### Task item
With pictures left out, retype the lines from the start of the records through the one that contains "Lata Mangeshkar Musical Garden".

### Brief descriptive captions
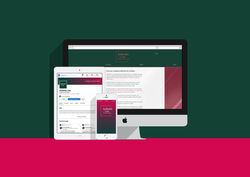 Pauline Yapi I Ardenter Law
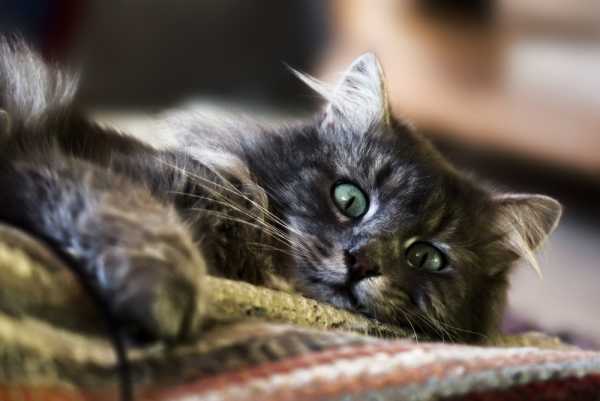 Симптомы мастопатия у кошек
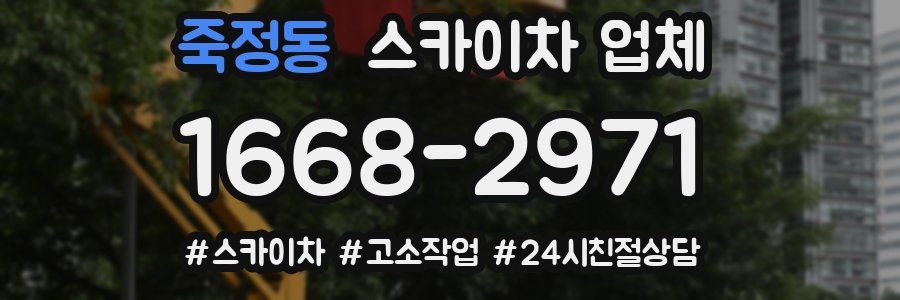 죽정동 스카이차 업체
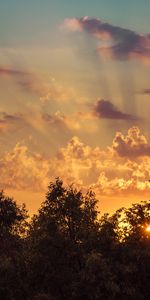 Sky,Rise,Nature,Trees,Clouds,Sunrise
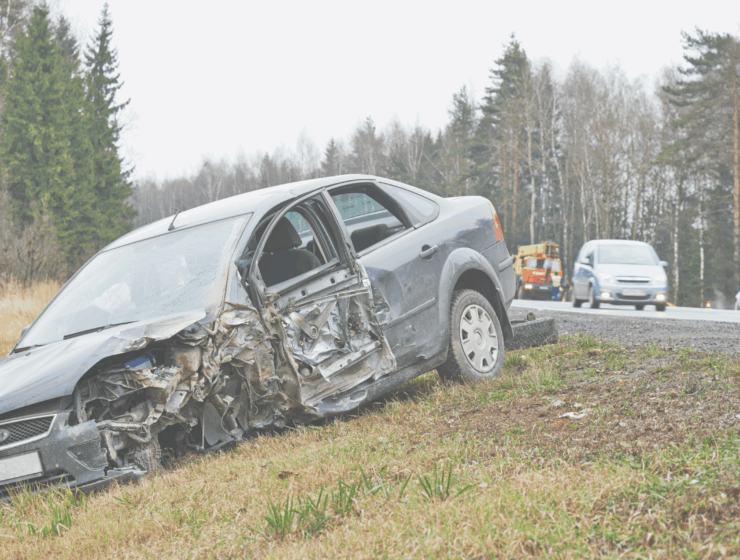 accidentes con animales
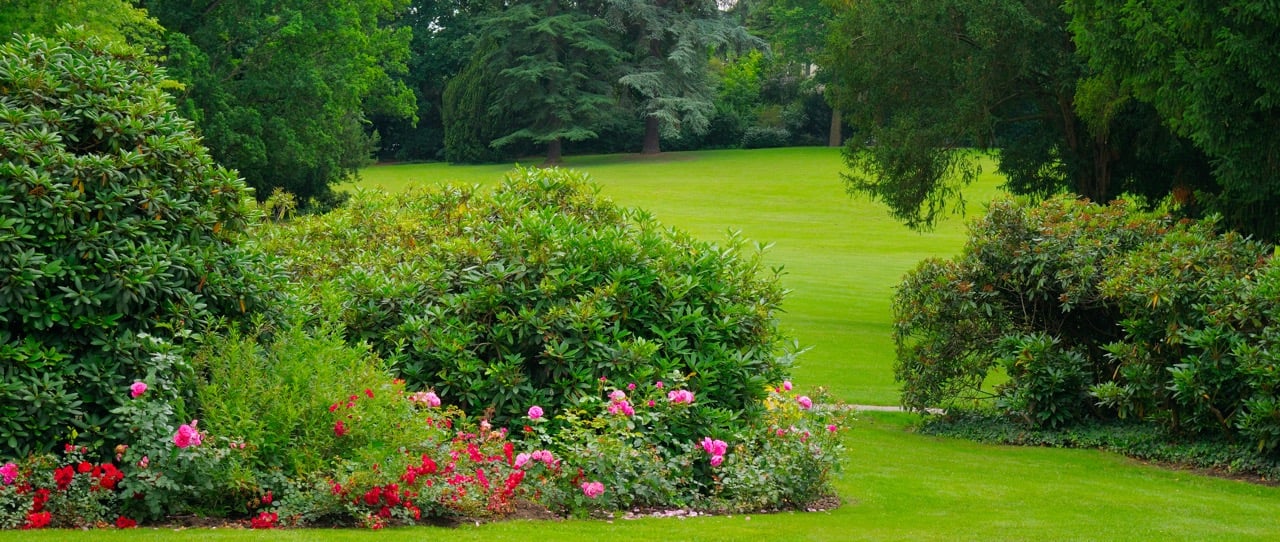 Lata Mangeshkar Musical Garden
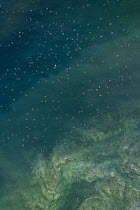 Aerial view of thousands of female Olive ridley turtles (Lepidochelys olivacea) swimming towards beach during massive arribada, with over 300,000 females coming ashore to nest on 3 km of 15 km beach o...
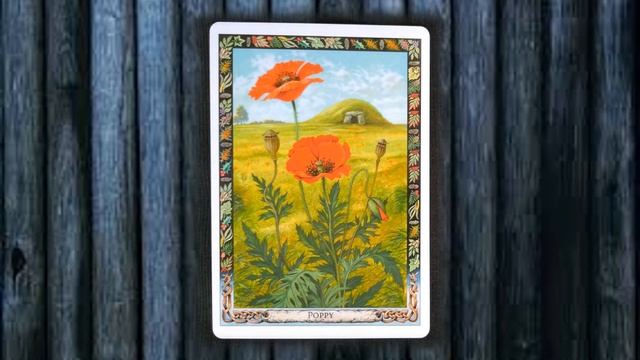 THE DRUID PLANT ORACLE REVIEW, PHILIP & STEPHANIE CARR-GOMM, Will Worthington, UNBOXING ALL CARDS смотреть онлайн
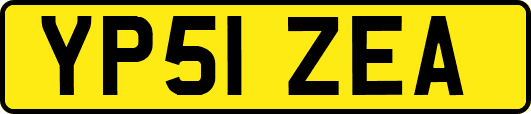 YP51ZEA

### Solution to the problem
 Pauline Yapi I Ardenter Law
 Симптомы мастопатия у кошек
 죽정동 스카이차 업체
 Sky,Rise,Nature,Trees,Clouds,Sunrise
 accidentes con animales
 Lata Mangeshkar Musical Garden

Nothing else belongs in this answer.